What, then, to do? Though I realize that deep integration via modules like
Breathe is usually the way things are done with Sphinx, I am a KISS sort of
person, so I like to think of it as something more like a Static Site
Generator: it reads a bunch of plainish text input files, and outputs HTML (or
whatever other presentation format). How do we describe C and C++ things in
Sphinx? It turns out that recent versions have built-in support for these
"domains" now, which define markup for describing everything in these
languages. This means that everything to do with nicely formatting and
cross-referencing C and C++ is already dealt with out of the box. Excellent.
So, taking a step back and assessing the situation: we have some XML files that
describe the documentation, and we have a tool that reads text files and
produces nice documentation. This strikes me as a relatively straightforward
task for a nice and simple "files in, files out" script, not somewhere a
Goldbergian contraption that mashes Doxygen into Sphinx is required. So, after
investigating any other promising options (no such luck), I resigned myself to
trying to write such a thing, at the very least to see if it's feasible. I
certainly have no time or interest in writing and maintaining a Documentation
System, but a self-contained script to convert one thing to another seems
reasonable enough.
As it turns out, I wouldn't call it trivial, but it's certainly feasible. I
ended up with a ~700 line Python script that does everything I need
(though this is of course not the same as everything possible). It's a bit
"gluey" and makes some assumptions about the structure and so on, but it does
the job and is something I feel I can maintain as necessary. I won't be
publishing or supporting this as an independent project any time soon, and make
no claims about it being general purpose, but feel free to steal it if any of
this sounds appealing.
With this, I was able to get around some long-standing gripes I have with
Doxygen, and easily make whatever I wanted to happen a reality, so I'm pretty
happy with this approach. Everything is nicely decoupled, so I don't feel
over-invested in any of the tools involved. If, for example, someone finally
writes a good clang-based extractor that gains traction (JSON please, I did not
enjoy this revisitation of the horrors of XML at all), I should be able to
switch to using that easily enough. I've actually found this somewhat crude
and UNIXey approach quite convenient: you can simply look at the ReST files to
understand what is happening, or tweak them a bit and run Sphinx to test what
you're aiming for, and so on. Text files are good.

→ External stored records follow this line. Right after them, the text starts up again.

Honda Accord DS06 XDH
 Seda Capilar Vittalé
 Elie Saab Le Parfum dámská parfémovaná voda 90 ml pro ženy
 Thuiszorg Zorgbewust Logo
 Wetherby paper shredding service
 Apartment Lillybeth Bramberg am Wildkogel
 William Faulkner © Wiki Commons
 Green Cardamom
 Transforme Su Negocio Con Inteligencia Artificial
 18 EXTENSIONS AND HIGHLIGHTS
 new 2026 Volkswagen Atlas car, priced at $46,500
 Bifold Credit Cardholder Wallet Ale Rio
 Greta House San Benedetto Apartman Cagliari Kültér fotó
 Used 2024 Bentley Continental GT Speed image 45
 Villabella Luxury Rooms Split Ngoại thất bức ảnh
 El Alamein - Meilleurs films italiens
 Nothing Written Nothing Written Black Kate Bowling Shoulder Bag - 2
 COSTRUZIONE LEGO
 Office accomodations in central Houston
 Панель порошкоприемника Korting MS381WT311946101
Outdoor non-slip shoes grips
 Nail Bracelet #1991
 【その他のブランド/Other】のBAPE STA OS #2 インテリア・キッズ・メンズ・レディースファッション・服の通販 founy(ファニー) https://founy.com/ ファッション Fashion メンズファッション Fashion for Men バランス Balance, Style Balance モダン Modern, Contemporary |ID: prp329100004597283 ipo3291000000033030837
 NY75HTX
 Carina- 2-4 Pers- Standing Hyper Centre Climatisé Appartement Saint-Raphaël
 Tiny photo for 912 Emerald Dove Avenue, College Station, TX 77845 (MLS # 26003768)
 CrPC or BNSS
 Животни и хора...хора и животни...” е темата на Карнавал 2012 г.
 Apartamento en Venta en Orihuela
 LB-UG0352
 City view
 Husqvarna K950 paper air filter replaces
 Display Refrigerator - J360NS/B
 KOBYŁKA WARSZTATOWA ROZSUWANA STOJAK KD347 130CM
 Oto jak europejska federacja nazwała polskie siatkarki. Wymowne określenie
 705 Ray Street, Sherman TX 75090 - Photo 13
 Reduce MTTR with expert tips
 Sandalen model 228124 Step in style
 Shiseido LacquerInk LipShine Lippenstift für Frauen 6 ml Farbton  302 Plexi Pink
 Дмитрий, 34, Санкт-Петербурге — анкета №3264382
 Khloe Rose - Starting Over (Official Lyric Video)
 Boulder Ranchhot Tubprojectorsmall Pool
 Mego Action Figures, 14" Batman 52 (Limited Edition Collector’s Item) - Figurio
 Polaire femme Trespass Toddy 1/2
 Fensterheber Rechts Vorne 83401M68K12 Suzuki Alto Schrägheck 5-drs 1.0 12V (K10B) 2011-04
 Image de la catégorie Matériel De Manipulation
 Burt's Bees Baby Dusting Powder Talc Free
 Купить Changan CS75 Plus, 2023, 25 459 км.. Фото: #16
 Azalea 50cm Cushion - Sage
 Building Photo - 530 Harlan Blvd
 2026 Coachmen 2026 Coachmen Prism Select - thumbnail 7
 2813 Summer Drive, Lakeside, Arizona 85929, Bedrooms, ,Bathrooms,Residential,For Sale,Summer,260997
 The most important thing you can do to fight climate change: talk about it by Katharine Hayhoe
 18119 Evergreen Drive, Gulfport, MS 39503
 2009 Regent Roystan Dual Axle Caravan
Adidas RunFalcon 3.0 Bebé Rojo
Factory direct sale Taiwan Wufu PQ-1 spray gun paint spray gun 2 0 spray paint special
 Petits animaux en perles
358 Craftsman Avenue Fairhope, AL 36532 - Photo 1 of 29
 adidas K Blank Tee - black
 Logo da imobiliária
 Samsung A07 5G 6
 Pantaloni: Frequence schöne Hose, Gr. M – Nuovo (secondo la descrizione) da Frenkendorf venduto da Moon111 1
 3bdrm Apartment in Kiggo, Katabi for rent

So, after however many years, I think I've found an approach to documentation
I'm actually quite happy with, that can support all of the languages that I
use, and in general doesn't seem to get in my way. Hooray. For starters, I
did my window system portability layer, Pugl. The generated documentation
for the C API can be seen at https://lv2.gitlab.io/pugl/c/singlehtml/, and
the C++ at https://lv2.gitlab.io/pugl/cpp/singlehtml/. This is more or less
the standard Alabaster theme with a few tweaks, which I'm not sure feels
appropriate for API documentation (and is much more bloated with a bunch of
Javascript than I'd like), but it's pretty enough, at least. I'll tinker with
themes later when I feel like jumping down that rabbit hole.
The slightly cumbersome links are an artifact of the one problem I encountered
using Sphinx domains: you can't really document C and C++ APIs nicely in the
same documentation set. If you use the cpp
domain everywhere, you get name
mangling in links even for C symbols, which is really unfortunate, and you
can't really mix them. To take a contrived example, if you have a struct
MylibThing
in C, then a type alias in C++ like using Thing = MylibThing
,
Sphinx isn't clever enough to figure out that MylibThing
is from C, and will
generate warnings and not link correctly. Perhaps someday it will, which would
be nice, but for now I opted to simply generate completely separate
documentation sets. This means the C documentation is duplicated in the C++
documentation so that things can be hyperlinked, which isn't ideal, but I can
live with it. A certain amount of redundancy is inherent in multi-language
documentation anyway.
As I add Python bindings to most libraries, having a unified documentation
system for all of these languages will be very nice. There is one additional
thing I'll need at some point for the LV2 documentation in particular: a domain
for RDF properties and classes. The LV2 documentation really suffers from an
unnatural code (via Doxygen) and data (via lv2specgen) documentation split, and
my hope is that Sphinx can provide a nice environment for writing documentation
that refers to both worlds freely. That, unfortunately, will be much more
work, but hopefully writing a custom Sphinx domain isn't too hard...